*WORKING DATA:*
▬▬▬▬▬▬
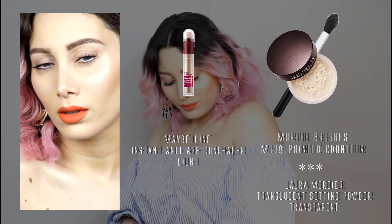To complete the base, dab a light concealer for your under eye area and finish it with a touch of powder all over the face to keep everything very fresh.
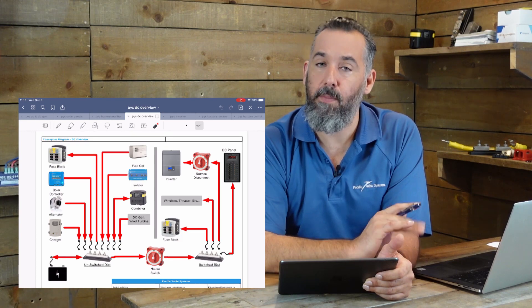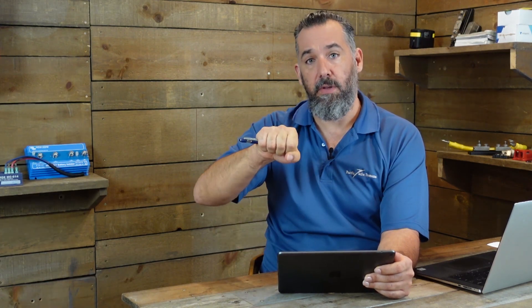It's better to have as many loads as possible on your switched distribution. The reason is that when you disconnect your inverter and loads on a boat, you want — with one single throw of that switch — to know that everything is off, except a very few circuits like bilge, charger, alternator, and solar. Those are unswitched and always connected to the battery. Switched items are things that, in the event of a fire or emergency, you can simply throw the switch and disconnect all those loads from the battery.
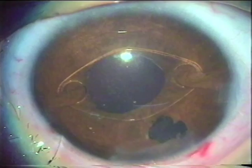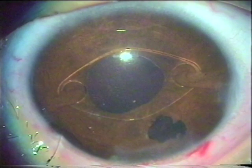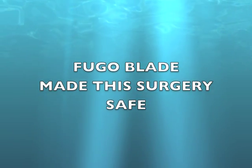The peripheral iridectomy. It was such a difficult case, and done with such simplicity and ease. The UBA blade made this surgery safe.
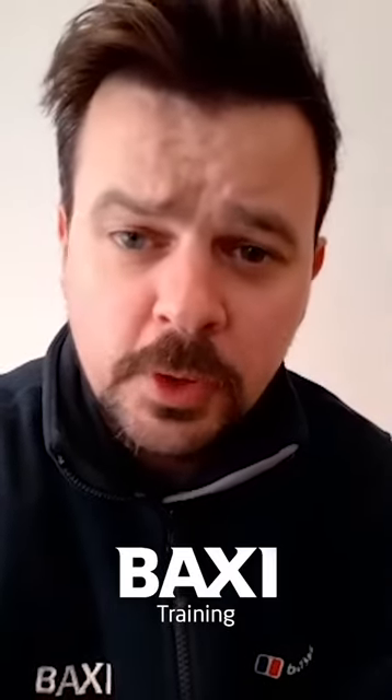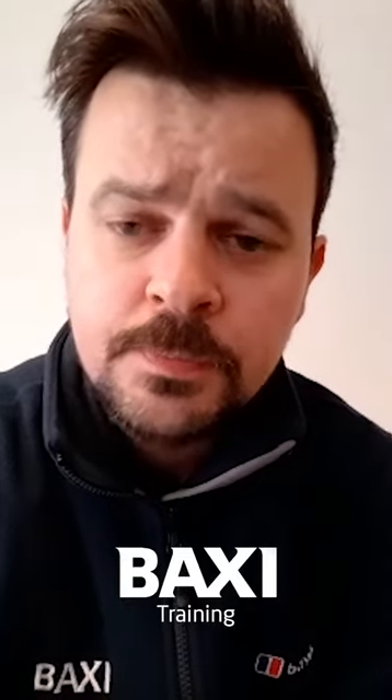It's Rob, everybody's favorite trainer from Baxi, and I'm back with another one of your burning questions. Today's name pulled out of the hat is from Mr. Christopher Bullock. Christopher has been in touch via Facebook and wants to know how you check the domestic hot water sensor on the Baxi Combi 800 range. First of all, thanks for your question, mate.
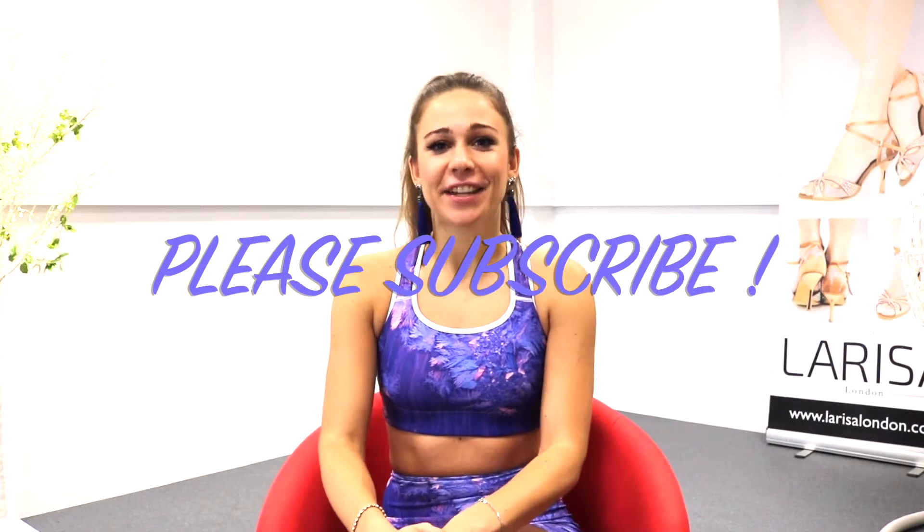Hi, it's Melita! Welcome back! Today I have another great combination for you to boost your confidence on the dance floor. Let's go!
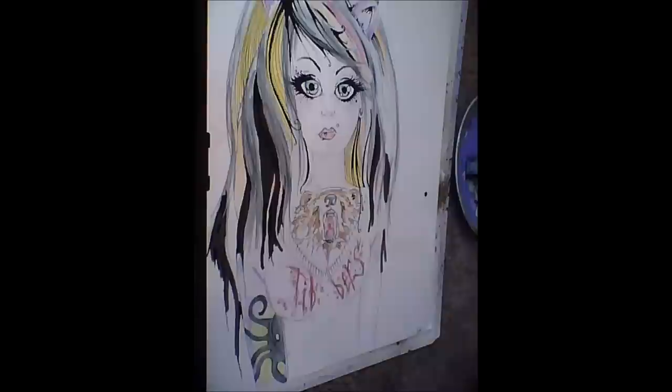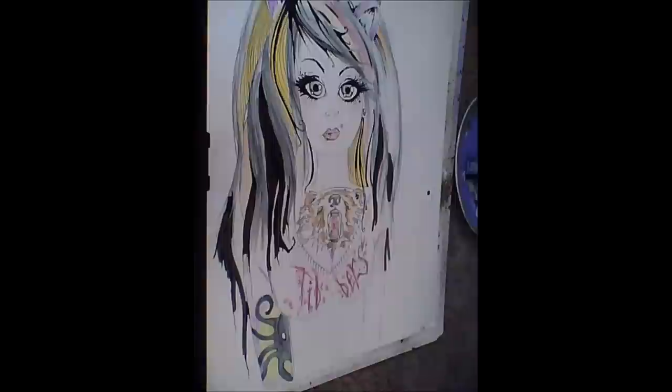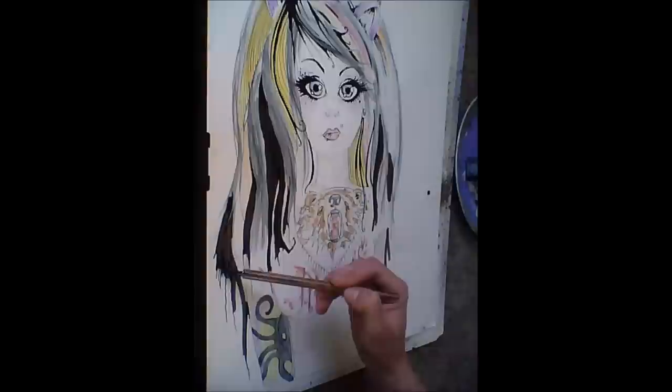I accidentally deleted a whole bunch of footage of finishing the shoulder and the right side of the shoulder and a little bit more on the top of the head, but it doesn't really matter. You get the point.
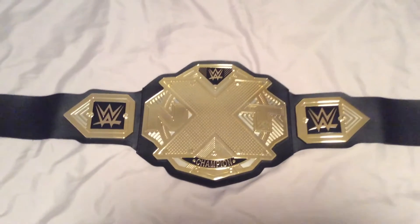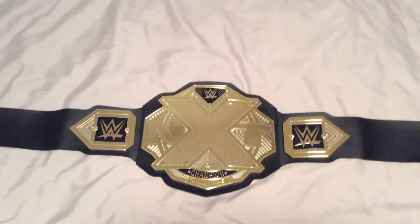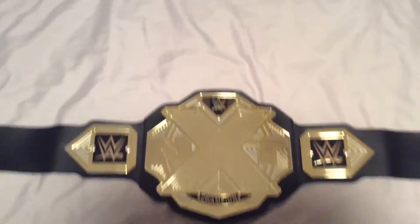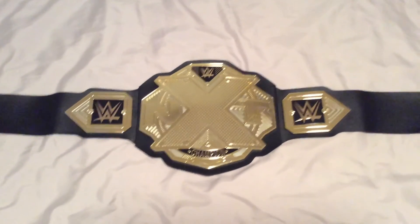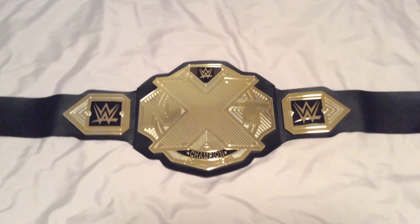This is a new NXT championship belt to battle along with my friends. It's from Walmart, it was only 20 bucks. I've got the template right here — it's a mini one. Thanks for watching guys, see you in the next video!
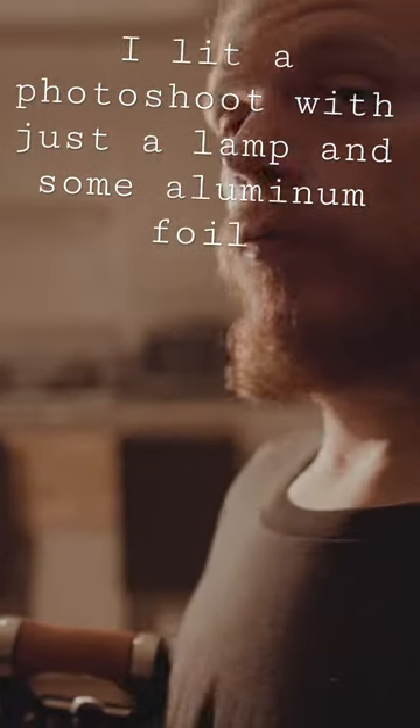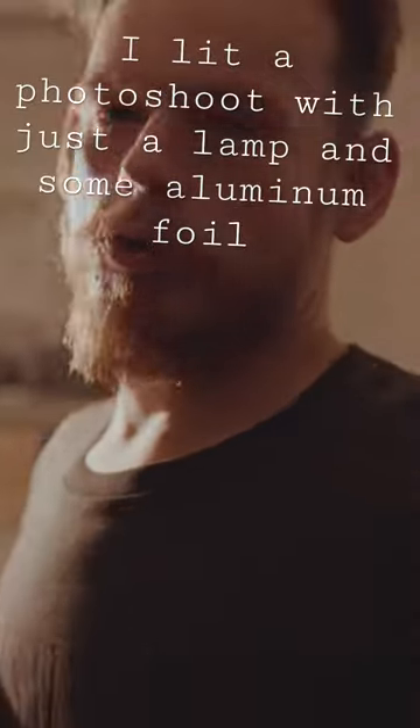Taking a good photo or a well-lit photo doesn't mean taking a photo that has no shadow. Shadow sort of dictates the mood.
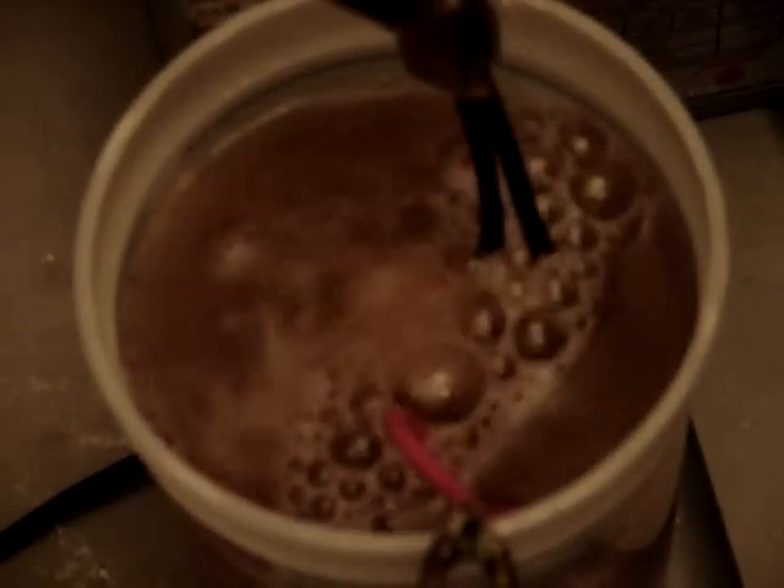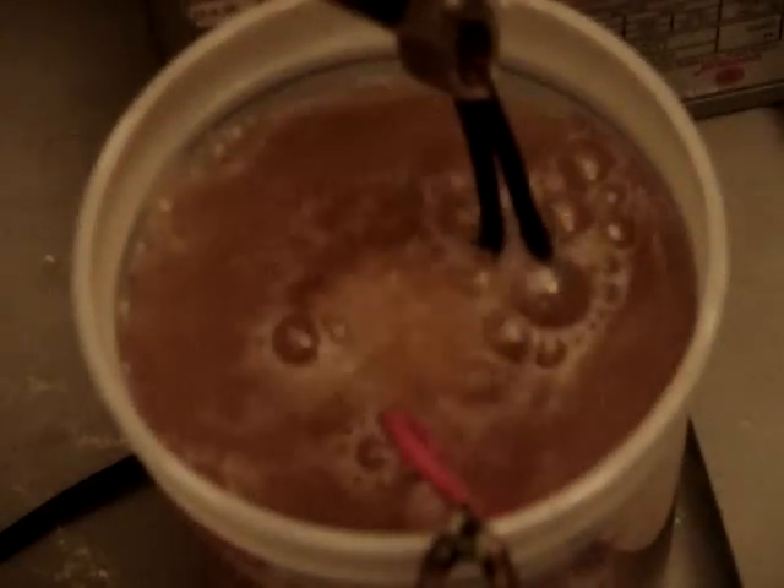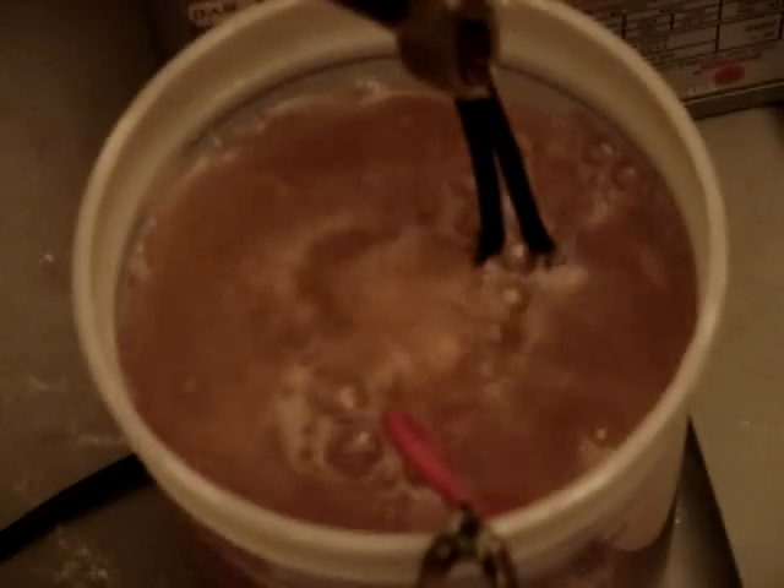Let me just show you what I'm talking about. Check this out. There are some massive bubbles coming off of this thing. Let me grab my lighter and I'll show you how these things ignite. Okay, check this out.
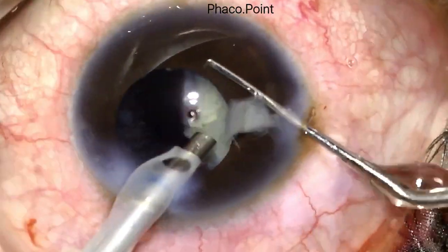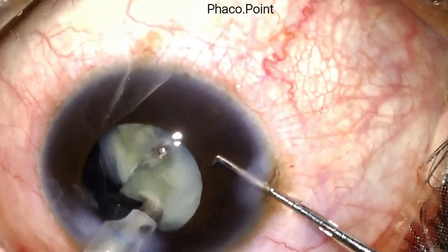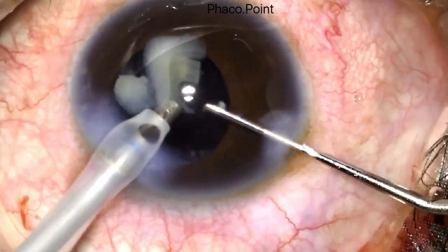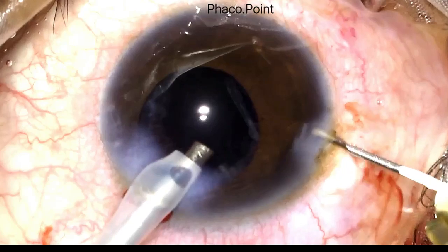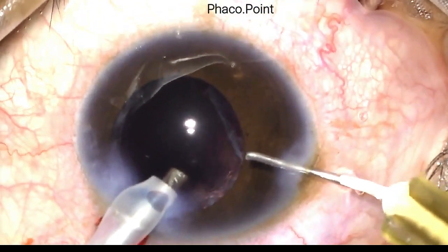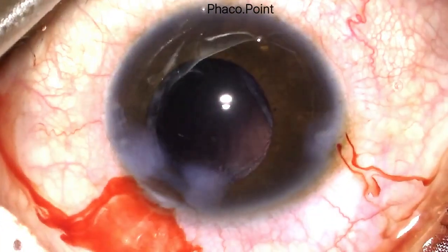The fragments are emulsified one by one. The last fragment is impaled — it is quite large, so it is downsized on its way up and then emulsified successfully. At the end of nucleus emulsification, I perform a viscofluid exchange prior to removing the phaco probe from the eye. Under higher magnification, I am happy to confirm there is no extension of the tear into the posterior capsule.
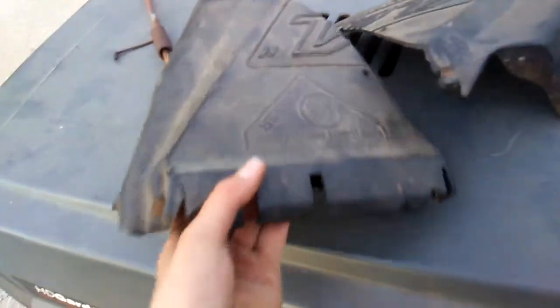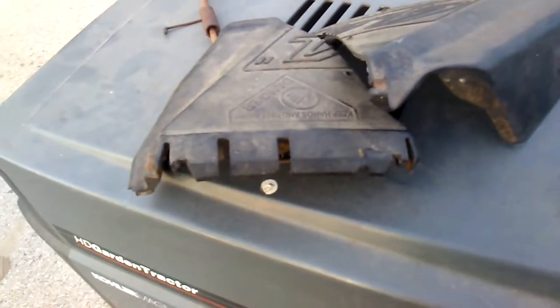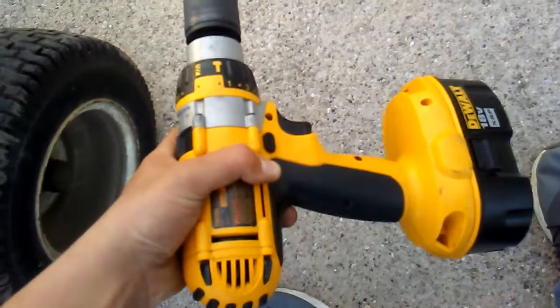This video is going to be on how to fix some broken plastic pieces that you may have. A couple things you will need: first of all, some zip ties, and then a drill.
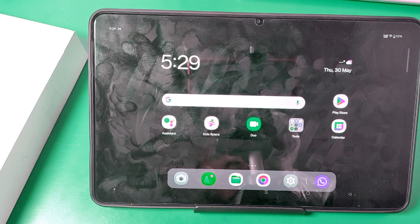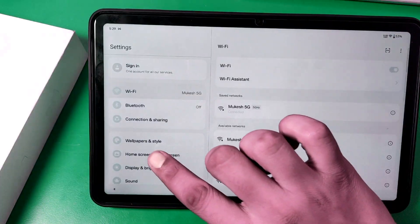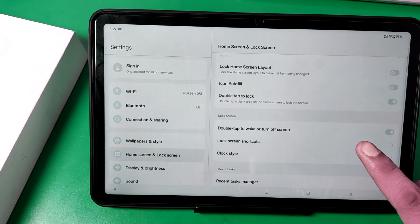So let's start. First, open the Settings option and here go to Home Screen and Lock Screen. Swipe down and you can see there's the option.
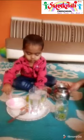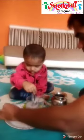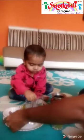Now we will add salt in only 1 glass. Now we will stir the salt with a spoon. Add more salt. Add more salt. Now stir.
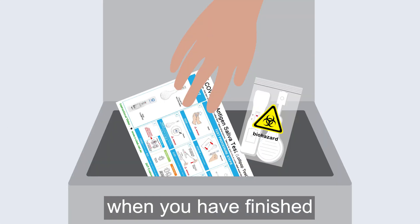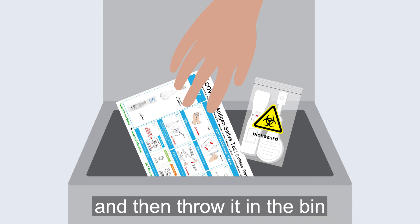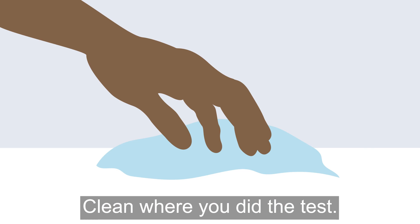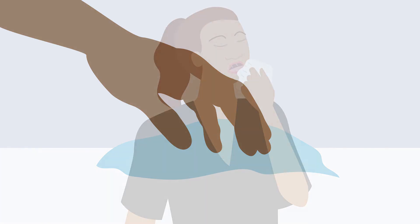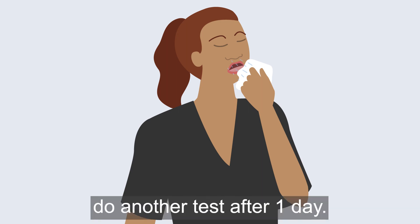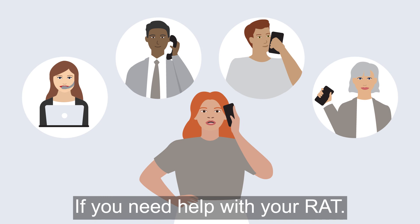When you have finished, put everything in the little rubbish bag and then throw it in the bin. Wash your hands and clean where you did the test. If your test was negative but you still think you have COVID-19, do another test after one day. Talk to someone you trust if you need help with your RAT.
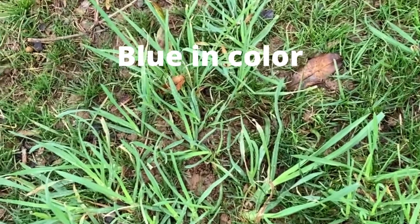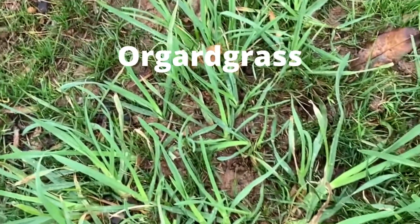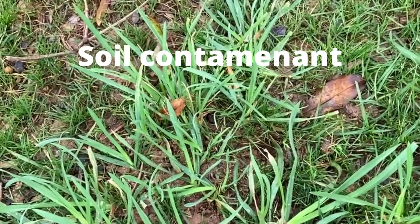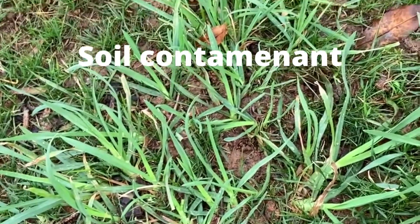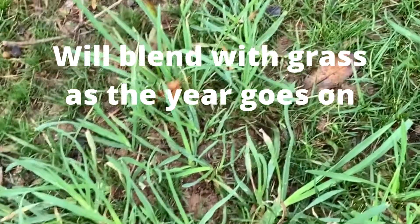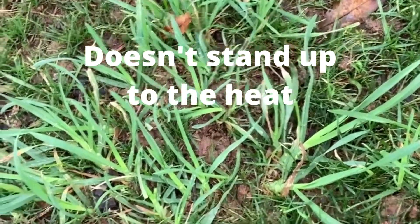Here we have a grassy weed in a fescue lawn. This one's kind of a bluish color and it's called orchard grass. It's a contaminant in the seed and it's in the old areas of the soil in Atlanta. Later in the year as the heat sets in, it won't stand out so much, but in early spring it grows faster and sticks out in the lawn and is really noticeable.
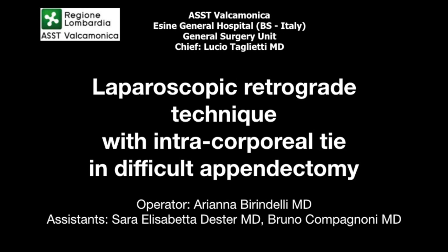Laparoscopic retrograde technique with intracorporeal tie in difficult appendectomy.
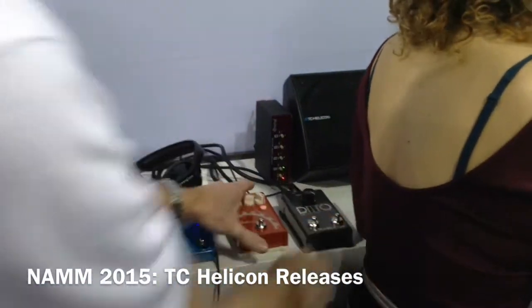So that's the Ditto Mic Looper and the MP76 microphone — an advanced remote control microphone — here at NAMM 2015.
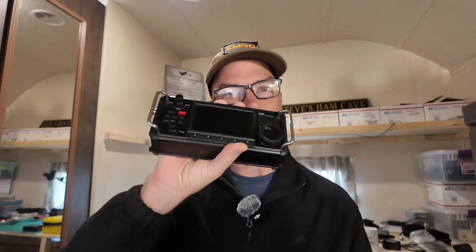Howdy everybody, Steve here, KM9G. Today we're going to take a look at new firmware for the X6200 radio from Zygu. I highly recommend that if you're going to get this radio, you get it from Radiodity because they have fantastic customer support, and you're probably going to need it with a Zygu radio. Let's get over to Radiodity's website and take a look at this firmware update.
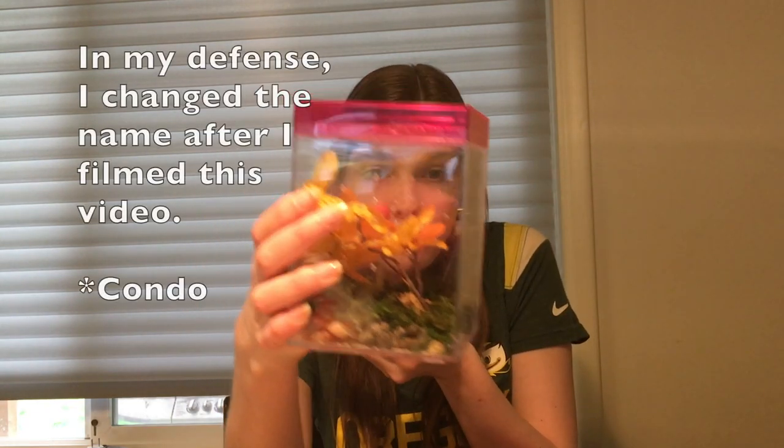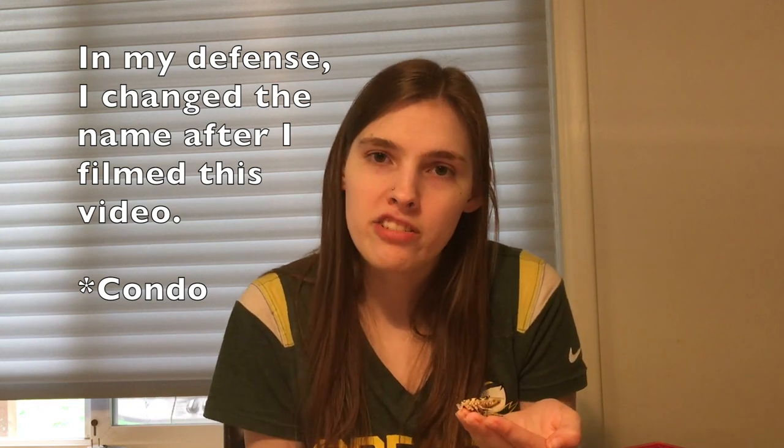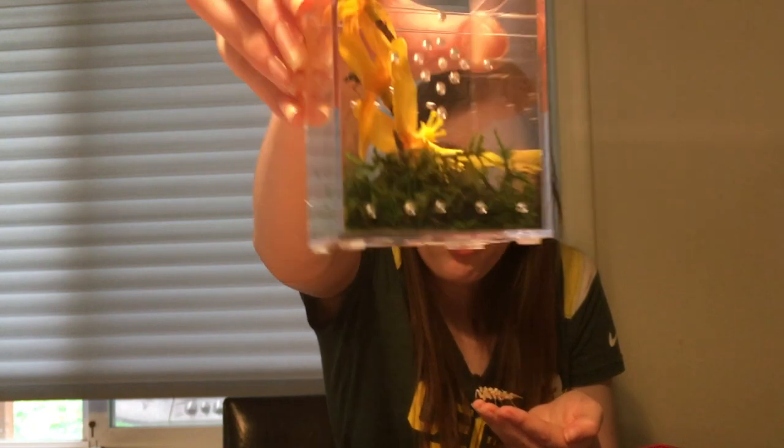Spiny flower mantises really like it dry. They're not a desert species, but they are close to it, and high humidity can kill them. They're very sensitive to infections and mold growth, so you want to keep them in a container that has good ventilation. As you can see, I've drilled on both sides of my townhouses. I also drill holes along the bottom of all of my containers for spiny flower mantises.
▬▬▬▬▬▬
*WHAT THIS TASK INVOLVES:*
Would you restate word for word only the lines from the line with "Here we have" to the last line above, with the pictures left out?

*ANSWER BOX:*
Here we have a grassy weed in a fescue lawn. This one's kind of a bluish color and it's called orchard grass. It's a contaminant in the seed and it's in the old areas of the soil in Atlanta. Later in the year as the heat sets in, it won't stand out so much, but in early spring it grows faster and sticks out in the lawn and is really noticeable.
Laparoscopic retrograde technique with intracorporeal tie in difficult appendectomy.
So that's the Ditto Mic Looper and the MP76 microphone — an advanced remote control microphone — here at NAMM 2015.
Howdy everybody, Steve here, KM9G. Today we're going to take a look at new firmware for the X6200 radio from Zygu. I highly recommend that if you're going to get this radio, you get it from Radiodity because they have fantastic customer support, and you're probably going to need it with a Zygu radio. Let's get over to Radiodity's website and take a look at this firmware update.
Spiny flower mantises really like it dry. They're not a desert species, but they are close to it, and high humidity can kill them. They're very sensitive to infections and mold growth, so you want to keep them in a container that has good ventilation. As you can see, I've drilled on both sides of my townhouses. I also drill holes along the bottom of all of my containers for spiny flower mantises.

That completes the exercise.